Unfortunately, the only inconvenience being that none of these projects were yet brought to perfection, and in the meantime the whole country lay waste.

==Maldonada==
Maldonada is a fictional city described as the main port of Balnibarbi. Its location is illustrated in both the text and the maps in Part III of Gulliver's Travels, though they are not consistent with each other. Maldonada is described in the text as being 150 miles from the capital, Lagado, on the kingdom's Pacific coast (i.e., to the south) and that the island of Luggnagg, which is 100 leagues distant to the north-west. and is said to be 5 leagues distant from the island of Glubdubdrib, to the southwest.

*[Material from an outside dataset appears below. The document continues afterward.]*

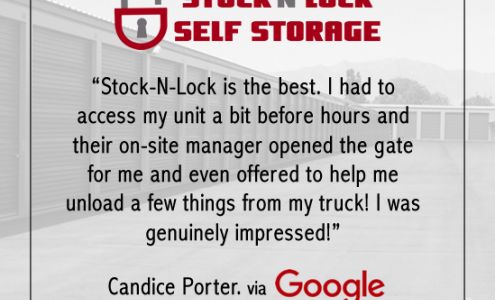 STOCK N LOCK STORAGE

However, the map at the beginning of Pt III places Maldonada on the south-west coast of Luggnagg, with Glubdubdrib to the southwest of that island. A further map, of the kingdom of Balnibarbi shows the port again, on the kingdom's south-east coast, but names it “Malonada”.

Maldonada is described as being “a good port, with much commerce with the great kingdom of Luggnagg”. Gulliver tells us it is “about as large as Portsmouth”.
Maldonada was Gulliver's departure point for his visit to Glubdubdrib, and later, on his return, for his voyage to Luggnagg.

==Satire==
The target of Swift's satire in Balnibarbi is its “Projectors” (who are described as "inventors or planners of political, social, financial or scientific schemes... which are wild or impractical") rather than science per se, which is generally commended: He also “aim(s) to discredit the Newtonian Whig intelligentsia...and to ridicule anything remotely connected to the Dutch”: Higgins reports scholars have identified the academy as referring to the Royal Society in London, the Dublin Philosophical Society, and the University of Leiden. Higgins further states that Swift's satire “describes or is based on actual contemporary experiments reported (by) the Royal Society”.